Boletim da Liberdade: Não apenas em decorrência da pandemia, cada vez mais serviços, inclusive de órgãos públicos, estão digitalizados e permitindo o acesso remoto. A previsão do voto impresso não pode prejudicar novas formas de votação, inclusive remotas, como por meio de aparelho celular ou certificado digital? Como o sr. enxerga essa questão e essas possibilidades futuras?
Paulo Martins: Temos que trabalhar com o que temos disponível e viável neste momento. Não creio que agora ou num período próximo, haja espaço para votações remotas em um país como o Brasil e no atual cenário em que vivemos. A internet não é realidade para todo brasileiro. Tanto é que o ensino remoto, em meio à pandemia, é um problema também por causa disso.
O que é possível e necessário no Brasil de hoje é melhorar o sistema que temos atualmente, passar para uma nova geração de urnas eletrônicas, para que as eleições sejam seguras, transparentes e, em caso de dúvidas e contestações, os resultados possam ser verificados de forma limpa e confiável.
Além disso, o voto remoto tem que ser visto com muito cuidado, porque esse sim pode implicar na preocupação do Supremo Tribunal Federal sobre o sigilo do voto. Isso porque, no caso de um voto por celular, por exemplo, um coronel, traficante, um miliciano, pode exigir que o voto seja realizado na presença dele, nessas comunidades mais vulneráveis.

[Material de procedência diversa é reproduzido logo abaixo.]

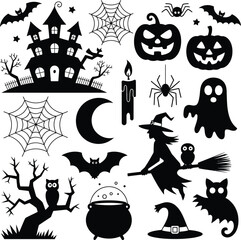 Obraz premium set of Halloween silhouette vector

Boletim da Liberdade: Nas últimas eleições presidenciais norte-americanas, houve um amplo questionamento sobre o resultado eleitoral que culminou na simbólica invasão ao Capitólio. O sr. compreende que uma reforma no modelo de votação tem potencial para alterar os ânimos na política no país?
Paulo Martins: Os ânimos já estão alterados. O que se quer é, justamente, evitar que ânimos alterados e desconfianças coloquem a legitimidade do processo à prova e que, por fim, culminem com um descrédito na democracia e nas instituições.
Boletim da Liberdade: Por fim, obrigado pela entrevista. Em 2022, o Brasil completará o bicentenário da independência. No passado, o sr. já enalteceu os regimes monárquicos. Já que o tema é eleições e plebiscitos, o sr. acredita que é possível ou mesmo desejável que o país volte a debater sobre a melhor forma de governo, tal como ocorreu no plebiscito de 1993, ou esse é um tema superado?
Paulo Martins: Eu não escondo que sou um entusiasta da monarquia. E gostaria que o tema fosse encarado de forma diferente no Brasil. Na minha opinião, falta conhecimento sobre o que é essa forma de governo e como foi um erro o que aconteceu no Brasil. De qualquer forma, não vejo hoje muito espaço para se retomar essa discussão, infelizmente. O que não impede que possamos voltar a lançar luz sobre essa questão no futuro.